A holistic approach to inflammation research.
The current understanding of inflammatory dysregulation shared across many organs, systems and diseases means that single organ-based symptom relief is insufficient. It is key to harness a more holistic approach to inflammation drug development, which addresses the imbalance between immune activation and control. This targets disease modification instead of symptom alleviation, which has tremendous future implications as over 80 chronic immune-mediated inflammatory diseases (IMID) share similar molecular pathways. Harnessing our scientific expertise and experience in bringing inflammation therapies to market, enables you to extend your reach and bring benefit to more patients.
Maximize the return on your product.
The interconnected nature of inflammatory diseases creates not only complexity within inflammation research, but also the opportunity for a high return on investment for successful therapeutic agents. For this strategic approach, you need a single partner that can screen novel agents in multiple inflammatory diseases. We offer extensive clinical expertise to help identify and advance your novel agents, whether they are new chemical entities, biologics, biosimilars or stem cells.
High-quality data and low-risk trials, wherever you are.

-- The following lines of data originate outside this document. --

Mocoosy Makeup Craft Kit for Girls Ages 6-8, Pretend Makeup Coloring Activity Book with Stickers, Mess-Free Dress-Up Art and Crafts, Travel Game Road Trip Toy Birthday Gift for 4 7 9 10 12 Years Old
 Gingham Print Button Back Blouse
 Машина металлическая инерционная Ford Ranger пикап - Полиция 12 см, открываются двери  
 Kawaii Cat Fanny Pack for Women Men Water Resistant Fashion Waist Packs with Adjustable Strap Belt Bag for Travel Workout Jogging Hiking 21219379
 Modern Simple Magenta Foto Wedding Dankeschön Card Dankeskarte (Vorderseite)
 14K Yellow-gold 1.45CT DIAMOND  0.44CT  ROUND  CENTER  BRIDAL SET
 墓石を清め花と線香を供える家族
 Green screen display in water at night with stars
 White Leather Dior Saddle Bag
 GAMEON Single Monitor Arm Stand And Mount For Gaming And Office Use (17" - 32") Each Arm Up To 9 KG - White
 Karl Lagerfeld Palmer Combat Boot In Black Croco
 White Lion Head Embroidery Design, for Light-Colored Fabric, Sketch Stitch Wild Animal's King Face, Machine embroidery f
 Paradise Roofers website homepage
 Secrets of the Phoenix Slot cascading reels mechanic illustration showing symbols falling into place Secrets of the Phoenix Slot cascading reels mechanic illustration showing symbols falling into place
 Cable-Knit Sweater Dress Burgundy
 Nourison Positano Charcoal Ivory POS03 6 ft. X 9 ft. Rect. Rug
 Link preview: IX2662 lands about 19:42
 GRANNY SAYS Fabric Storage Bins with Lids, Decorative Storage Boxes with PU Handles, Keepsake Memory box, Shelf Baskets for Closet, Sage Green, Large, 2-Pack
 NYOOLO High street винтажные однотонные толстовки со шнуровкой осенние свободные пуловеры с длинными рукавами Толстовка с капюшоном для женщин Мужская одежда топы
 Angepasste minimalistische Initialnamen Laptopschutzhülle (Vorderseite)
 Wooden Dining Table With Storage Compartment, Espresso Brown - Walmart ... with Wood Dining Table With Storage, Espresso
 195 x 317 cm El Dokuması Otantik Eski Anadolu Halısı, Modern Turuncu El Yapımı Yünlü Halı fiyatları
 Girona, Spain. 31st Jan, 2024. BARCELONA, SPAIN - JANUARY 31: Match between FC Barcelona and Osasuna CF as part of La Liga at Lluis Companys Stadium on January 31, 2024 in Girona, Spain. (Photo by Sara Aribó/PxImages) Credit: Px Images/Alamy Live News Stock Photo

Progressing new therapies into trials requires the right patients and the most suitable sites, which are often found all over the world. To support your global study plan, you need a partner with a global footprint. At any given time, Fortrea is working on more than 40 percent of clinical trials worldwide. Insights gained from the data collected, which are housed in a central knowledge base, allow us to address your clinical trial needs strategically. Meanwhile, Fortrea data can be leveraged to pressure-test trial protocols, identify optimal sites and target specific patient populations. Our worldwide pool of expertise allows centralized assessment of trial endpoints and ongoing test results, wherever your trial sites are, which yields consistent analyses and data you can rely on.
Therapy area expertise combined with extensive clinical development experience.
Succeeding in a competitive and complex disease landscape requires expertise and a deep understanding of specific therapy areas, biomarker identification and validation, the current regulatory environment and, in some cases, biosimilar development. We have conducted 190 studies in rheumatoid arthritis since 2012 (Phase I–IV). The top three best-selling rheumatoid arthritis drugs of 2015 were developed in partnership with us, and we were involved in the development of the first marketed anti-IL-6 product. Our years of experience bringing inflammation treatments to market is consistently supported by our expert regulatory team.
Our regulatory team has extensive experience dealing with both global and local agencies worldwide. Underpinning the success of drugs developed with us is our longstanding expertise in the identification, development and validation of biomarkers.
Partnership from early phase trial design through commercialization.
A collaboration with a contract research organization that has broad scientific expertise is required in inflammatory disease research. Our specialized scientific and operational teams are positioned to help move your products from concept to commercialization, facilitating transition between stages of the development continuum. We have experience with 14 of the 15 top IMID drugs and are adept in providing the necessary tools for your therapy to achieve success in the field of inflammatory diseases.
Informatics suite reduces risk, time and cost in clinical trials.
Fortrea leverages data to help you make informed clinical trial decisions. This enables us to recommend the best U.S. study sites based on the location of target patient pools and the ranking of trial investigators. Our other informatics solutions can increase operational efficiencies across all aspects of your trial, covering processes such as trial management and site performance monitoring, while reducing risks through independent data review and near-real-time quantification of adverse events and protocol deviations. Using these advanced analytical solutions, trial timelines and costs can be significantly reduced.